Last summer I helped write and teach an innovation curriculum for teens and young adults in Saudi Arabia. The teaching team knew going in that we would have to work with the teenage men and women separately–this is common practice in Riyadh. I like working with women in tech, so I was looking forward to this. But what surprised me by this separation was how I was able to observe and compare how the different genders responded to the same programming.
Our curriculum was ambitious. We had projects that emphasized play, exercises that emphasized problem identification and solution finding, and lessons with programmable electronics and digital fabrication. Our strategy as a teaching team was to teach these modules separately and then help students put it all together in their final projects.
What we observed was that the young men were enthusiastic about the electronics and DigiFab, but felt uncomfortable doing the problem identification exercises and were slow to warm up to the play and tinkering exercises. While the women were enthusiastic about all of the content, but that they really lit up when asked to identify problems and use creative methods to explore potential solutions. (The guys kept telling us that women take education much more seriously than men do).

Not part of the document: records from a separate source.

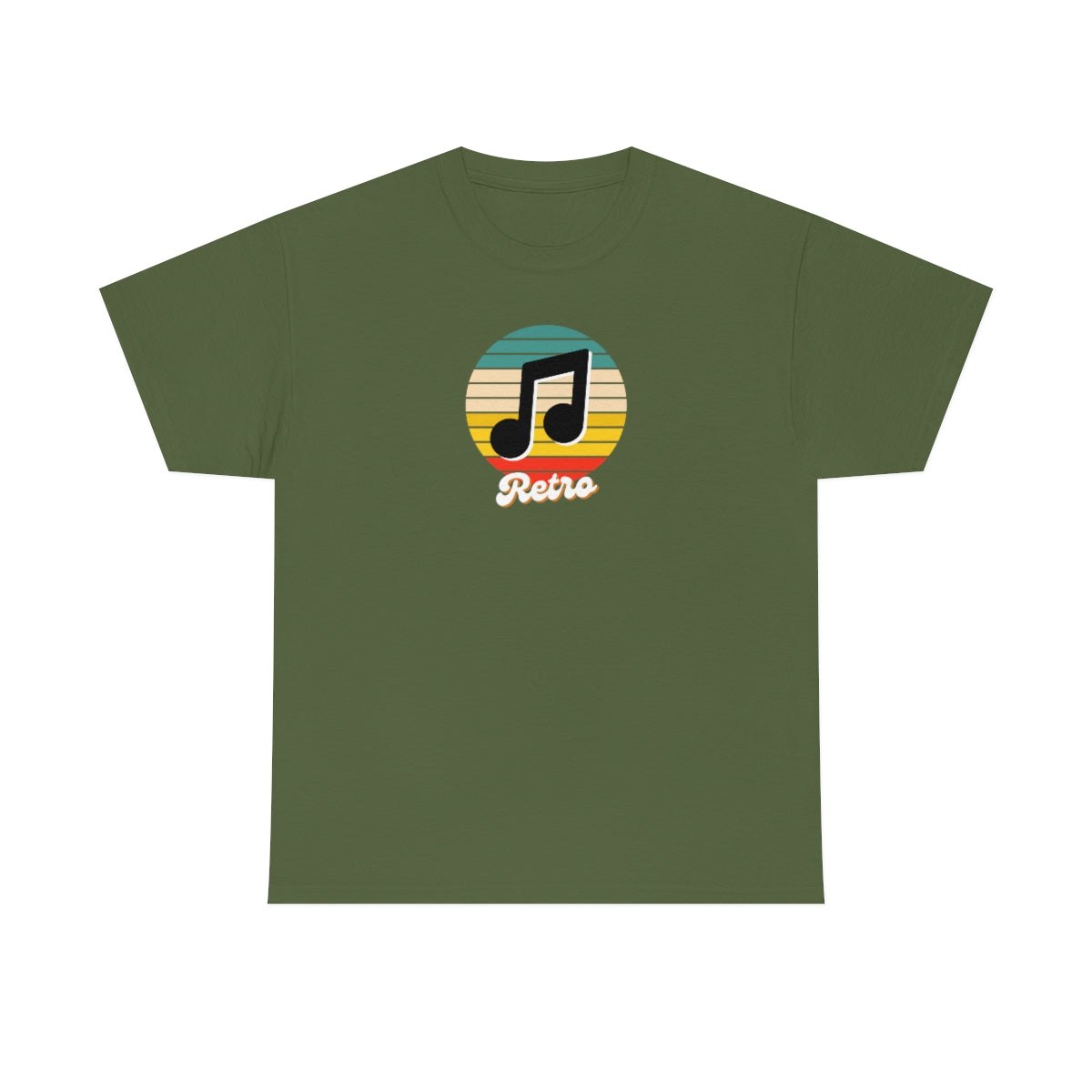 "Retro" Unisex Heavy Cotton Tee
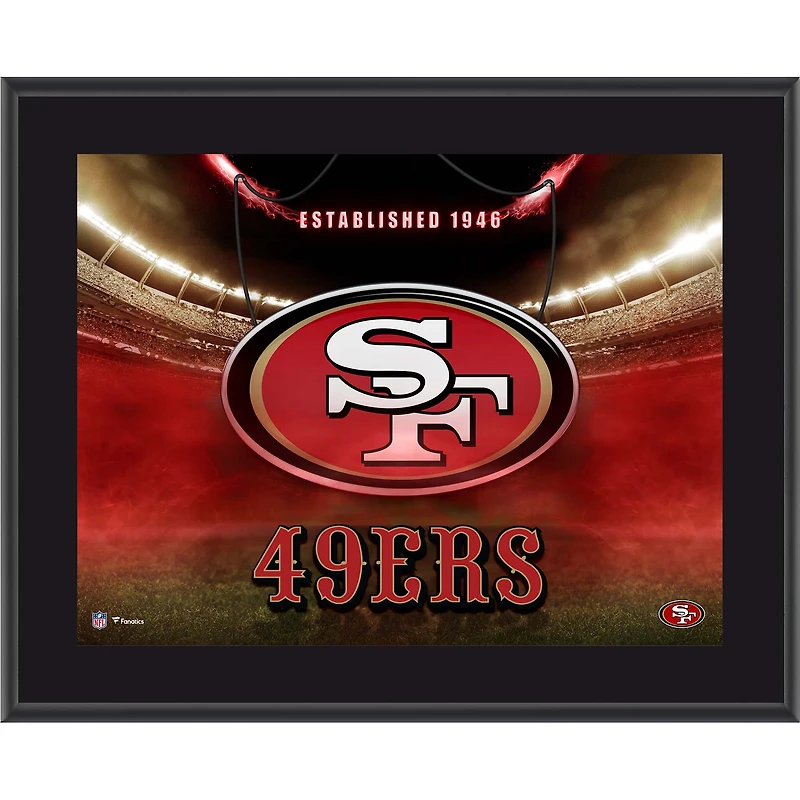 San Francisco 49ers 10.5" x 13" Horizontal Team Logo Sublimated Plaque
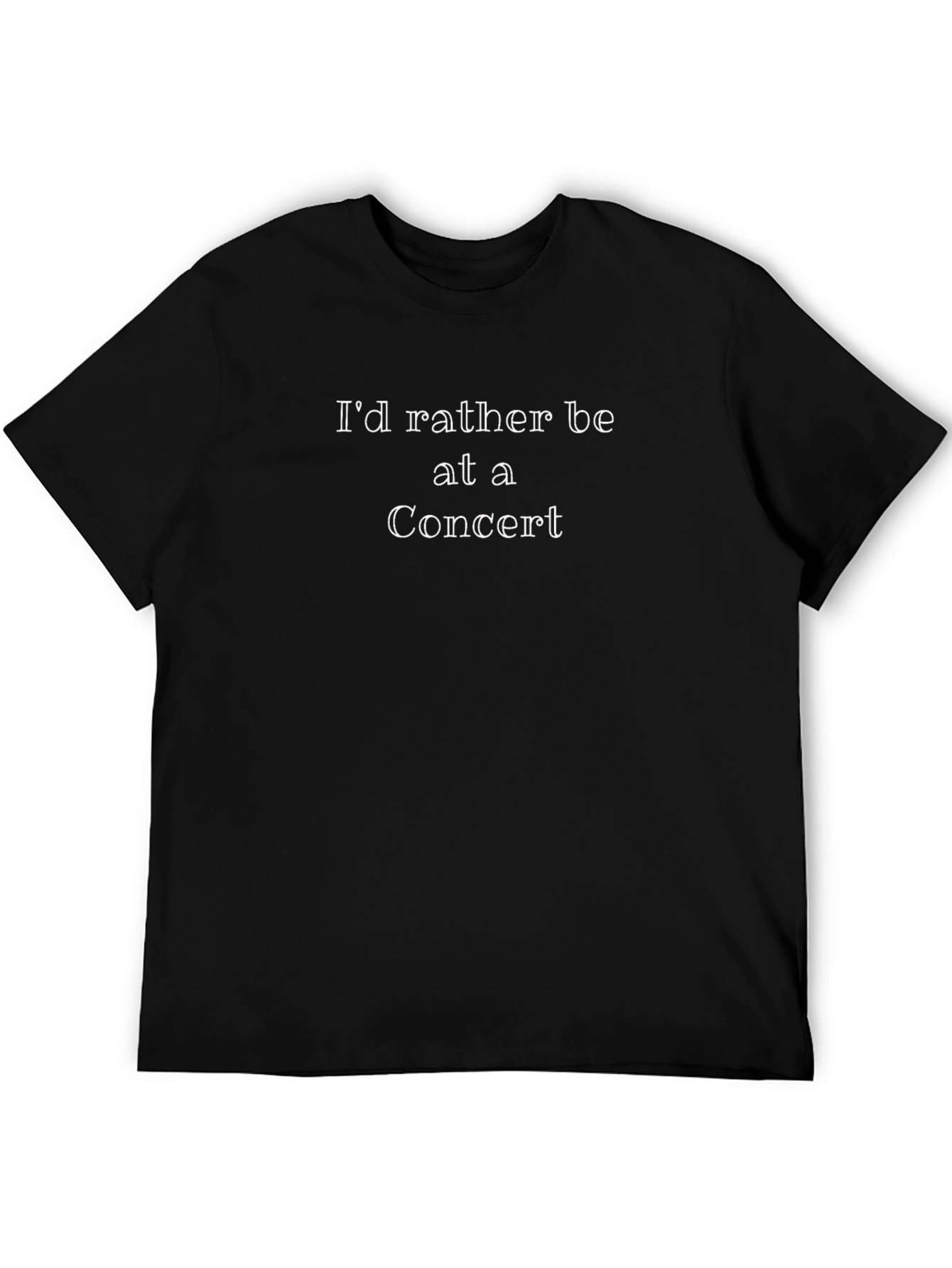 Concert Lover Black T-Shirt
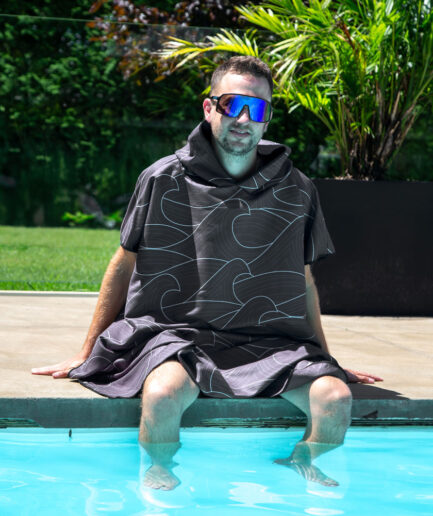 Poncho adulte - Sombre océan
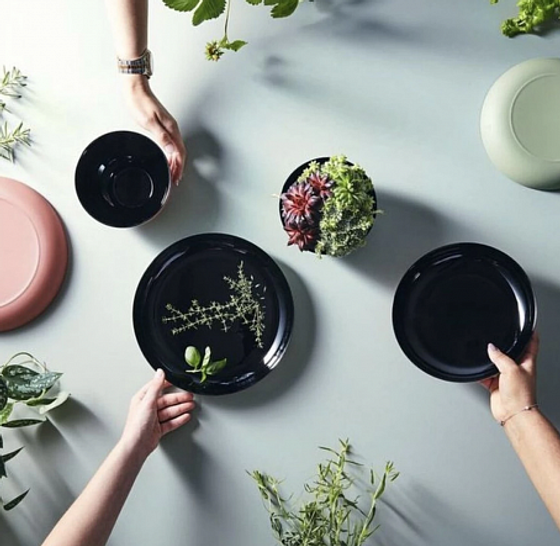 Блюдо VICKY SOFT GREEN 25см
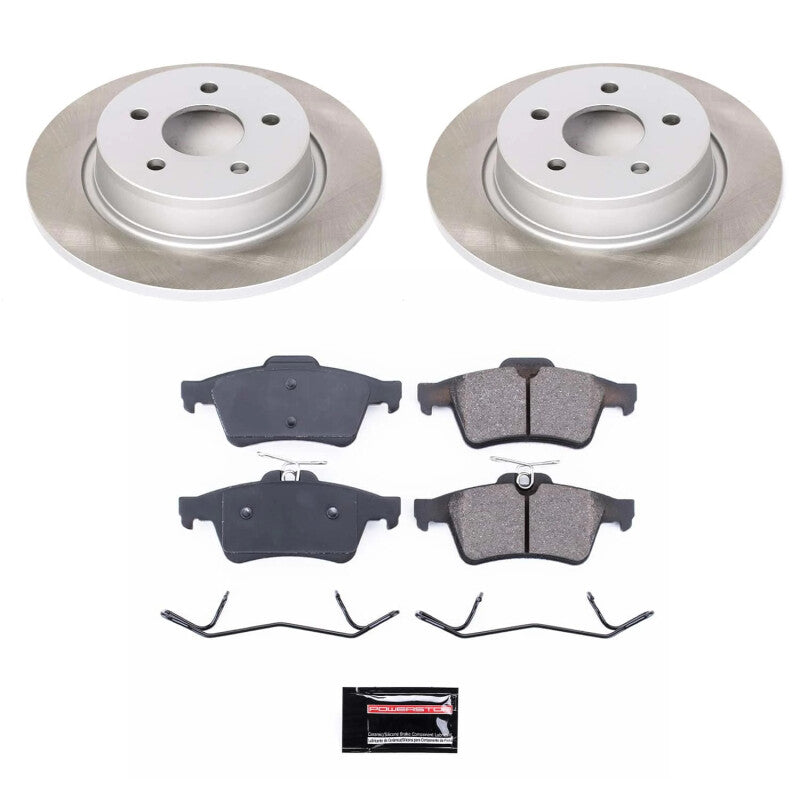 Power Stop 14-18 Ford Transit Connect Rear Semi-Coated Rotor Kit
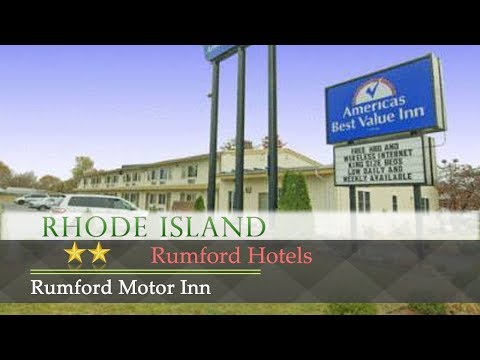 Rumford Motor Inn - Rumford Hotels, Rhode Island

These gender differences are much easier to see now that I’m back in the states. As a rule, the guys like robots and the women like solving complex social problems. There is overlap, of course, there is. But for me, what this difference confirms is that the need for diversity and inclusion in tech is more necessary than ever. If we don’t prioritize inclusion, we have social problem-solvers working in one silo and tech experts working in another. This separation is a barrier to innovation. There is value to be found when we create systems that combine and support diverse teams of innovators. Technology alone won’t save us. But technology combined with complex social problem-solving will.